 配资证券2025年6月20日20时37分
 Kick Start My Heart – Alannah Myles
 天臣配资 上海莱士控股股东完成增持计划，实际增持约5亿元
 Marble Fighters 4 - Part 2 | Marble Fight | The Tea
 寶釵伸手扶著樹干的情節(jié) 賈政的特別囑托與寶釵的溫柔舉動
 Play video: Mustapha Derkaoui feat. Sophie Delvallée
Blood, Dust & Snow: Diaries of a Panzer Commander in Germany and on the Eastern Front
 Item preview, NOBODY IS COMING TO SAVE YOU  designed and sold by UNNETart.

> _Exercise requirements_: What is needed is the full listing, reproduced exactly.

> _Written response_:
 配资证券2025年6月20日20时37分
 Kick Start My Heart – Alannah Myles
 天臣配资 上海莱士控股股东完成增持计划，实际增持约5亿元
 Marble Fighters 4 - Part 2 | Marble Fight | The Tea
 寶釵伸手扶著樹干的情節(jié) 賈政的特別囑托與寶釵的溫柔舉動
 Play video: Mustapha Derkaoui feat. Sophie Delvallée
Blood, Dust & Snow: Diaries of a Panzer Commander in Germany and on the Eastern Front
 Item preview, NOBODY IS COMING TO SAVE YOU  designed and sold by UNNETart.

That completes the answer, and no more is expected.